A livre escolha de amar

As atitudes do amor estão inclusas na liberdade do homem

“Nisto consiste o amor: não em termos nós amado a Deus, mas em ter-nos ele amado e enviado o seu Filho para expiar os nossos pecados” (I Jo 4,10).

Essa citação, conhecida pelos cristãos, é, na verdade, sustento para nossa fé, na qual Cristo, enviado por Deus Pai, veio e deu-se pela nossa salvação. Deus nos amou por primeiro, é Ele quem tem nos procurado de todas as formas possíveis, a fim de que em nós repouse o Seu amor.

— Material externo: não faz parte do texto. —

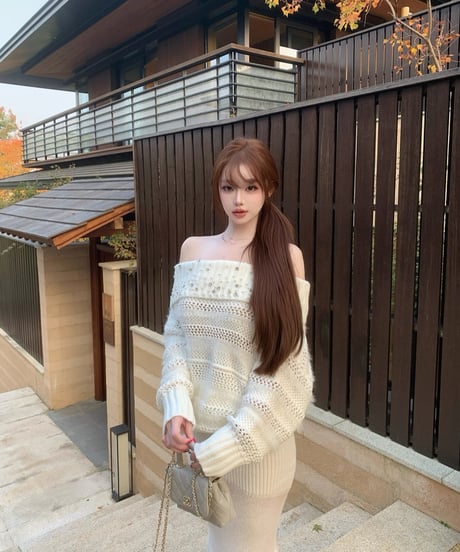 Slimming Off Shoulder Knit + Knit Fishtail Skirt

Gabriel Antunes Ferreira (2)

Muitas vezes, os cristãos, mesmo diante de tantos sinais, ainda assim não são conhecedores do amor verdadeiro de Deus.

Tão natural quanto o sol que nasce, cristãos ou não, em algum momento vamos passar por decepções amorosas, ficaremos iludidos ou desiludidos sobre alguns aspectos; deitaremos em nossas camas e teremos nosso corpo desconcertado, doente. A probabilidade de alguém amar ou ter amado, sofrer e ter sofrido é grande e em certo ponto é correto, o problema é quando estacionamos no fato de não sermos amados ou não nos sentirmos amados por quem queríamos que agisse assim conosco.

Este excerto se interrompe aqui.